Verona Pharma, based in Cardiff in the United Kingdom, expects to report top-line data of the Phase 2 trial examining nebulized RPL554 as an add-on treatment to standard bronchodilators in the second quarter of 2016

“We are very excited by the results from our dose-finding study for RPL554,” Dr. Jan-Anders Karlsson, the CEO of Verona Pharma, said in a press release. “It is very pleasing that the maximum bronchodilator effect of RPL554 is comparable to that seen with the highest dose of salbutamol used in the study — a dose equivalent to the highest dose of salbutamol used to treat acute exacerbations of COPD in the emergency department. It is noteworthy that this was achieved with fewer adverse events.

“The data generated in this study emphasises its pronounced bronchodilator effect, and combined with its unique anti-inflammatory effects, we continue to believe that RPL554 could be an important and much-needed new treatment option, either alone or as an add-on to existing drugs for patients with COPD,” Karlsson said.

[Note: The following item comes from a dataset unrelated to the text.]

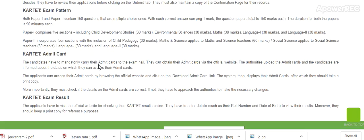Paper 1 comprises 5 sections: Child Development Studies — 30 marks, Environmental Science — 30 marks, Mathematics — 30 marks, and Language — 30 marks.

“This well-designed and successfully executed dose-ranging study of nebulized RPL554 in moderate asthmatics demonstrated the drug has a linear and thus predictable pharmacokinetic profile, and produced similar bronchodilation but with less side effects compared to a very high dose of salbutamol, used as a comparator,” said Prof. Leif Bjermer of Skane University in Lund, Sweden, lead investigator on this study.

The reported data will help inform dose selection in the Phase 2b trial, expected to begin in early 2017. In 2014, the nebulizer bronchodilator market was worth about $1 billion in the United States.